"Pipimu merah, mau aku antar ke unit kesehatan? Mungkin di sana ada yang bisa digunakan untuk mengompresnya." Jovita cuma menggeleng-geleng sebelum kembali menduduki permukaan keramik, menyandarkan punggungnya ke tembok. Dia membuka tas selempang yang dibawa, meraih selembar sapu tangan biru guna menutupi memarnya.
"Aku tidak apa-apa," katanya pula, meskipun pernyataan ini merupakan kebohongan. Tamparan itu lumayan kuat, hingga dia dapat merasakan kebas pada kedua sisi rahangnya.
"Tapi, orang-orang akan melihat kondisimu karena bekas tamparan itu dan mempertanyakannya."
"Aku tidak peduli mengenai opini siapapun." Ega mengerang pasrah, mengedarkan pandangnya ke sekitar lantai dua. Semilir angin bertiup lembut, menggiring helai rambut Jovita berayun hingga membelai muka. Adegan dramatis tak ayal menarik si pemuda menjauh dari kesadaran. Dia terpukau di tempat. Pemandangan Jovita dalam kondisi saat ini sungguh memesona di mata. "Pergilah, mereka sudah tidak di sini."
Alih-alih menuruti, dia justru duduk di samping Jovita sambil menekuk satu kakinya sebagai tumpuan lengan. "Aku masih ragu mengenai asumsi ini, tetapi tidak masuk akal kalau mereka menyerang tanpa sebab."

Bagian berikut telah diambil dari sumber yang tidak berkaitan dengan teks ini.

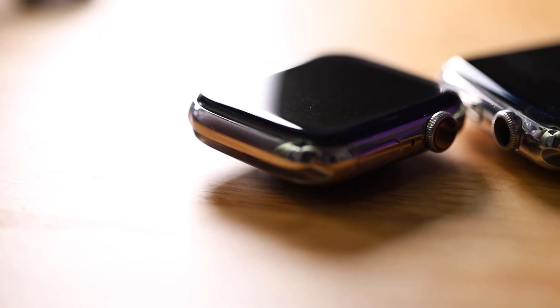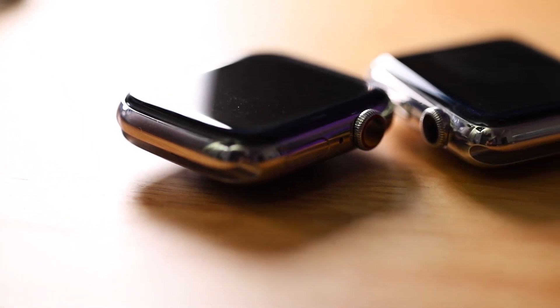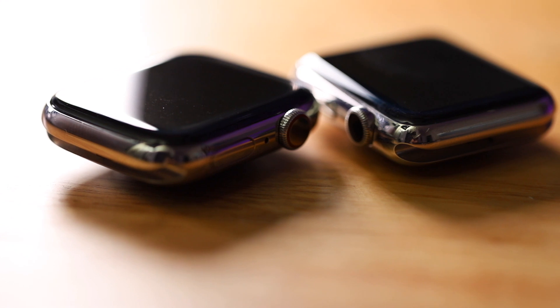All in all, the ECG functionality was one of the main features that really set the Apple Watch Series 4 apart from previous versions, and until now it wasn't available. Now that it is available, to me it makes it really clear that the Apple Watch Series 4 is definitely an A-plus, must-get device. If you're trying to decide between the Series 4 or the Series 3 because it's a little cheaper, I would definitely lean towards the Series 4, because in the several months I've been using it, I'm super impressed with it.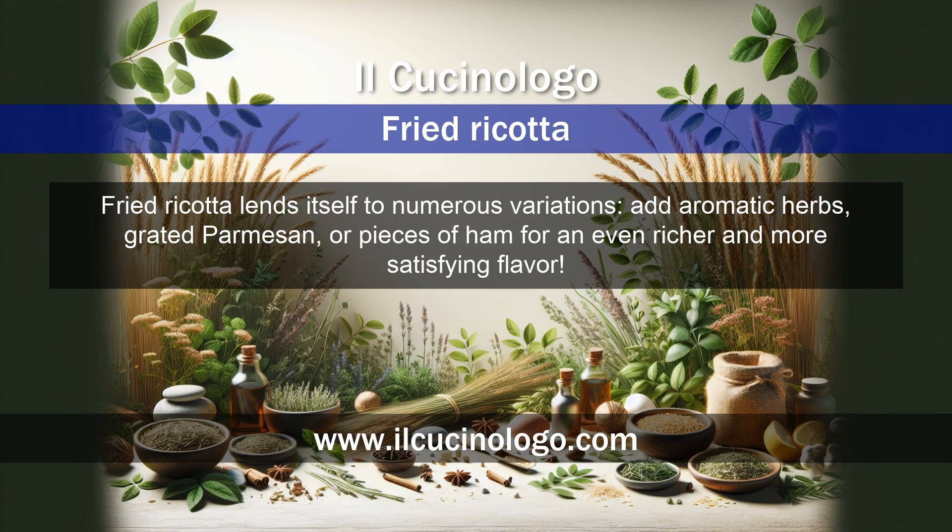Fried ricotta lends itself to numerous variations. Add aromatic herbs, grated parmesan, or pieces of ham for an even richer and more satisfying flavor.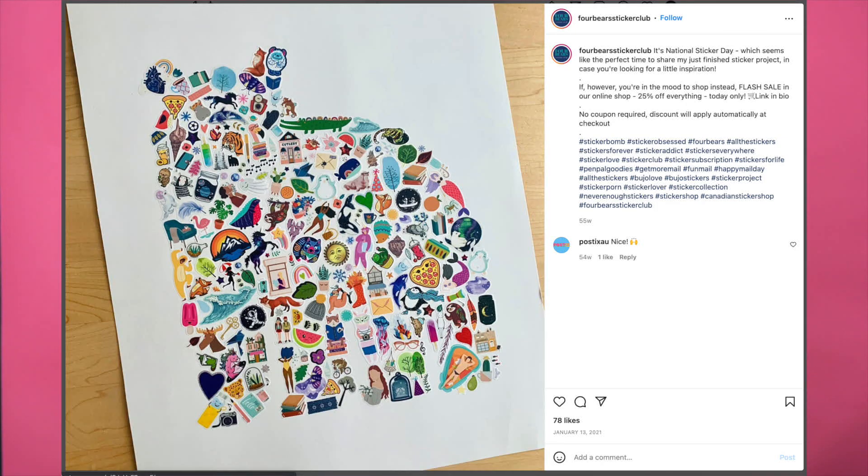Hey everyone, I'm Madison and welcome or welcome back to my channel, Mad Crafty. Today I'm going to show you how I make my sticker collages. I have lots of tips and tricks — there's definitely a method to the way I work. Before I start, I just want to say that the first time I ever saw a sticker collage was on this Instagram, Four Bears — really great. It inspired me and I have not stopped since, so credit to them for inspiring me, and now I want to inspire and show you. So let's get started.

"Tidak perlu mengasihani diriku. Aku juga tidak meminta perhatian apalagi simpati orang. Ini akan tetap menjadi urusanku sendiri." Pemuda di sebelahnya terdiam dan ketika dia melirik yang ditemui adalah ketenangan di paras tampan. Jovita memanfaatkan sedikit lipatan detik untuk mengagumi keindahan itu. Tentu tidak berlangsung lama, berakhir saat netra si empu terbuka lagi, menatap dirinya bak maling kedapatan mencuri.
"Memangnya aku bilang kasihan padamu?!"
Buru-buru Jovita menggulir fokusnya ke depan, bertepatan si pemuda menguak penglihatannya.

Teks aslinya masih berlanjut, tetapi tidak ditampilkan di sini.